13 Jan 2020

* About me and the course
  - Fourth year at RPI
  - **1st** time teaching Graph Mining
    + I welcome any feedback, topics, etc.
  - My research: graph analytical applications at the 'very large' scale

* Go over syllabus

* Go over website (https://www.cs.rpi.edu/~slotag/classes/SP20m/index.html)

* Go over real-world datasets

* Talk about project
  - Take a look at the real-world data repositories listed on the website
  - Prior projects:
    + Using vertex centrality analysis to identify population centers on
      unlabeled road network data
    + Recommender systems for Amazon co-purchasing dataset
    + Grad students: you can use/involve your research topic

================================================================================
* Define graphs 

Graphs => vertex set V(G) and edge set E(G)

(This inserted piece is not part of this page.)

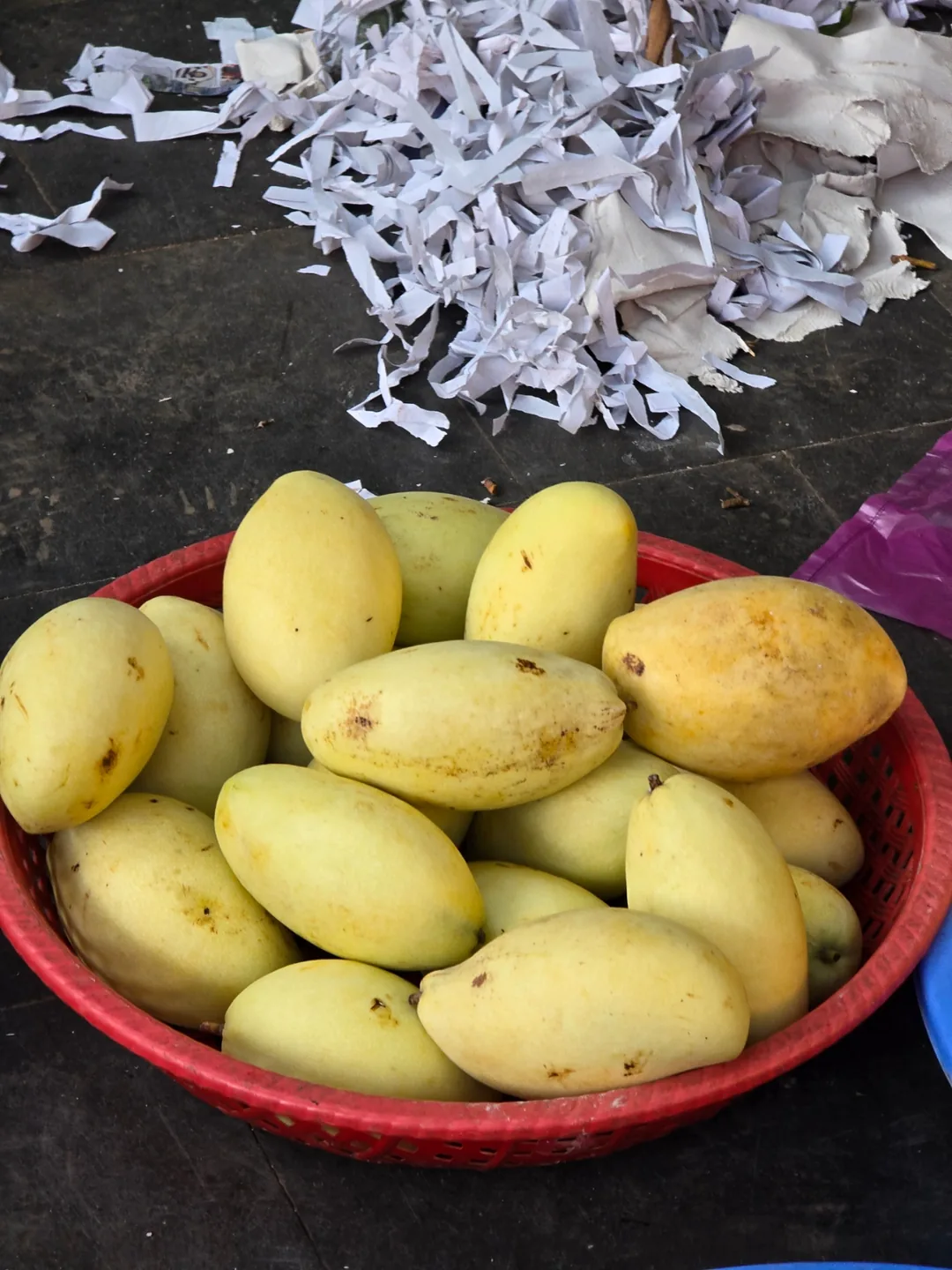 (🇻🇳phòng 6 30/8~4/9) Nhật ký du lịch.. Trái cây chợ sáng (chợ tờ mờ sáng)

V(G) = {v1, v2, v3, ... , vn}, |V| = n
E(G) = {e1, e2, e3, ... , em}, |E| = m
ei = {u, v}

Vertices => represent discrete objects (e.g., people in a social network)
Edges => relationship between these objects (e.g., friendships in social net)

Vertices and edges can have associated meta-data/label
Vertex => e.g., in Amazon copurchasing network -> {people, products}
Edges => e.g., in copurchasing network -> {bought, looked at}

Other labels exist, such as weights, time in a temporal graph (when edge was
create), etc.

================================================================================
* Real-world graph properties

Sparsity: n < m << O(n^2) => number of edges is much less than the number of 
possible edges

Degree skew: the number of low degree vertices >> high degree vertices

Hubs: high degree or otherwise important vertices that have some functional 
importance within the network

Irregularity: information, social networks, etc. are not constrained by a 
physical existence

Small-world: "6 degree of Kevin Bacon", average shortest paths length is small
relative to the size of the network; 4-5 friendship hops on average between you 
and every other person on Earth 

================================================================================
* Define graph mining applications

Take a look at the syllabus for a list of topics (think about project)

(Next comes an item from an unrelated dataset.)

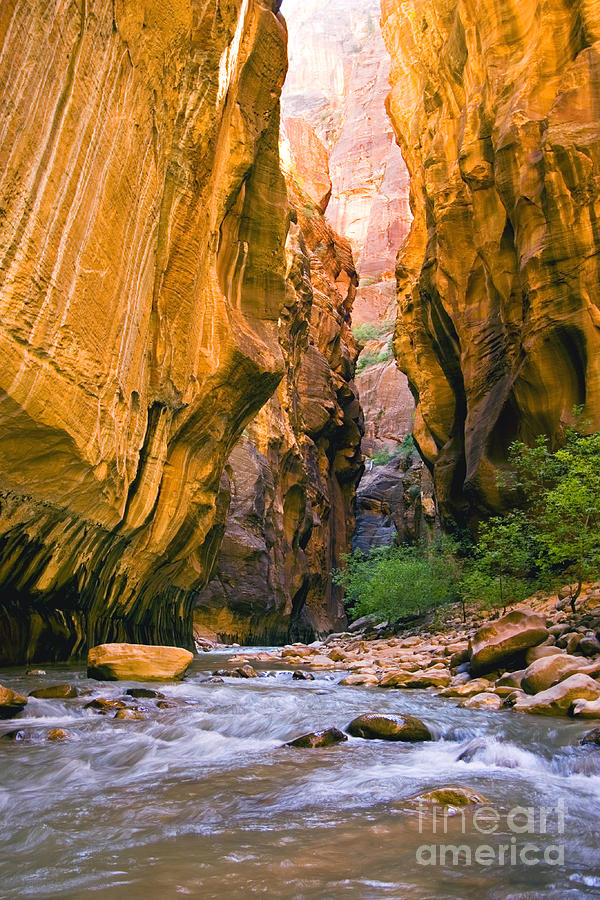 Virgin River Narrows Photograph by Greg Clure - Fine Art America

Similarity to "data mining"
- Classification => can we 'classify' a vertex with some property
- Clustering => an approach for classification; placing similar vertices into
  the same cluster/group/classification
- Prediction => how a network will evolve over time? will a new friendship 
  emerge? will you buy a product? 
- Measurement => how can we measure properties of a network?

Graph mining == data mining, but specifically on graphical datasets

================================================================================
* Talk about graph processing approaches

"Think Like a Vertex"
- Many/most graph algorithms can be implemented in a 'vertex centric' way
- Format:

Input: Graph G(V, E), vertex state S
For all v in V:
  S(v) = initialize(v)

For some number of iterations:
  updateAlgorithmicData()
  For all v in V:
    For all neighbors u of v:
      S(v)/S(u) = updateState(S(u), S(v))

For all v in V:
  S(v) = finalize()

return S

================================================================================
* NetworkX and coding

Today: connected components algorithms

A graph is 'connected' if there exists a path between all u,v in V
e.g., u->w->y->...->v

Connected components: maximal subgraphs in a (possibly non-)connected graph G
that are themselves connected

Two algorithms:

BFS(G, S)
For all v in V:
  S(v) = -1  # haven't determined connected component yet

numComponents = 0
until all vertices have assigned component:
  For all v in V:
    if S(v) > -1
      continue

    Q <- v
    S(v) = numComponents

    While Q != empty:
      For all v in Q:
        For all neighbors u of v:
          if S(u) == -1:
            Q <- u
            S(u) = numComponents

    numComponents +=1
    
return S


LabelPropagation()
counter = 0
For all v in V:
  S(v) = counter
  counter += 1

numUpdates = 1
While updates > 0:
  updates = 0
  For all v in V:
    For all neighbors u of v:
      if S(u) > S(v)
        S(v) = S(u)
        updates += 1

return S